# Gentoo driver example code and makefile

## briek

Anyone, I am looking for an example (bare-bones) device driver (in C) and a makefile for Gentoo.  I am porting a Linux Redhat PCI device driver over to Gentoo, but obviously there are differences between the two.  I notice some of the object files on my Gentoo system now have the .ko extension, whereas mine is just .o.  So, I am in search of an example and any info on building it, configuring it, and inserting it into the kernel.  

Thanks,

briek@amtelco.com

----------

## Ferdinando

.ko is the extension of kernel object files (modules), while .o is for normal object files and .so for shared object files (dynamic libraries).

Why don't you look at some external kernel driver like madwifi-driver?
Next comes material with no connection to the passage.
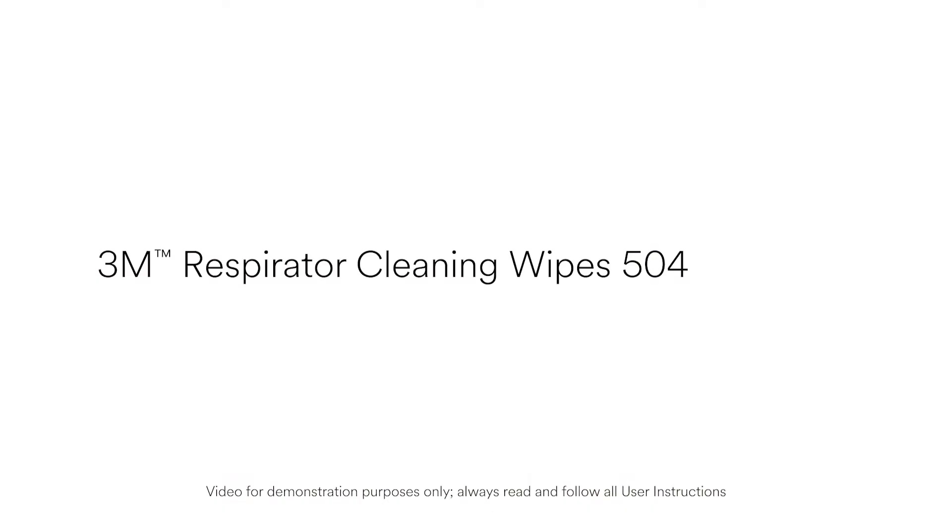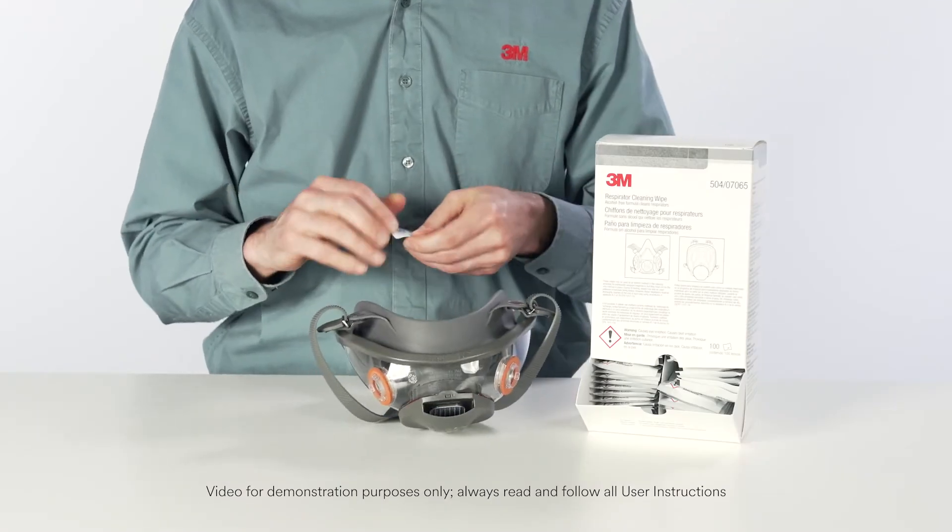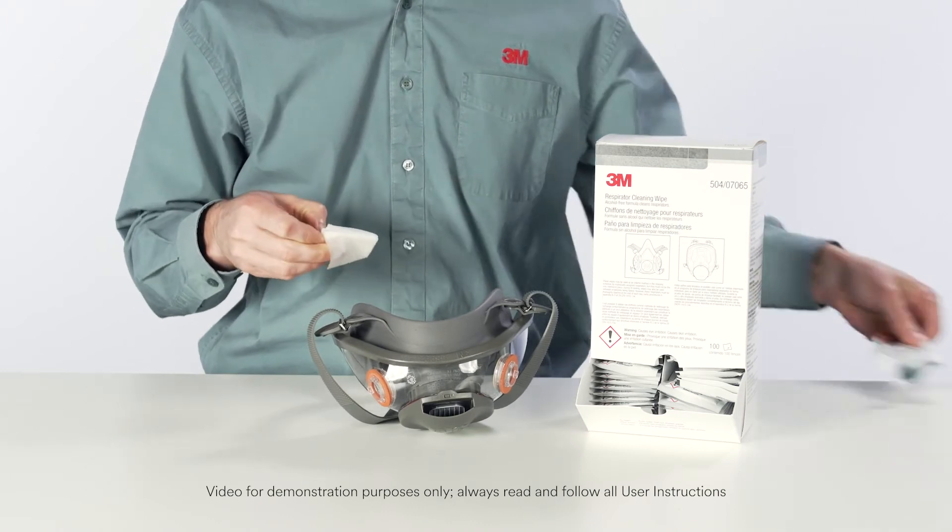3M respirator cleaning wipes 504 may be used as an interim method in the cleaning schedule for individually assigned respirators, but they must not be the only cleaning method in place.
It compiles modules into the kernel, so you could see how it works. There are others but I know little of them; you could try also net-wireless/ipw2200.

Bye

----------

## dsd

there is no difference between modules used on Gentoo and Red Hat.

however, if your red hat driver is a .o file then that indicates that you are on an old 2.4 kernel there - Gentoo uses Linux 2.6, which is the result of several years of heavy development on top of 2.4. one of the changes was in the module system, the extension changed to .ko

LWN has a 2.4-to-2.6 porting guide: http://lwn.net/Articles/driver-porting/

as for a simple driver for 2.6, you can look at one of my projects: http://developer.berlios.de/project/showfiles.php?group_id=5701

it is for USB though...

----------

## briek

 *dsd wrote:*   

> there is no difference between modules used on Gentoo and Red Hat.
> 
> however, if your red hat driver is a .o file then that indicates that you are on an old 2.4 kernel there - Gentoo uses Linux 2.6, which is the result of several years of heavy development on top of 2.4. one of the changes was in the module system, the extension changed to .ko
> 
> LWN has a 2.4-to-2.6 porting guide: http://lwn.net/Articles/driver-porting/
> ...

 

Thank you for the example, I will look at it shortly.  Is there a method for the user to open a "handle" to the driver?  For example, in RH Linux, the user app would do a open("/dev/device_name", O_RDWR);  I will need to aloow users to pass I/O info to it......

----------

## briek

Also, how do I build a proper ".ko" kernel module for Gentoo Linux?  Any ideas the syntax of the "cc" compile command?

----------

## dsd

yes your driver can create a device (through sysfs classes) and have an associated set of fops (file operations): open, read, close, release, seek, ...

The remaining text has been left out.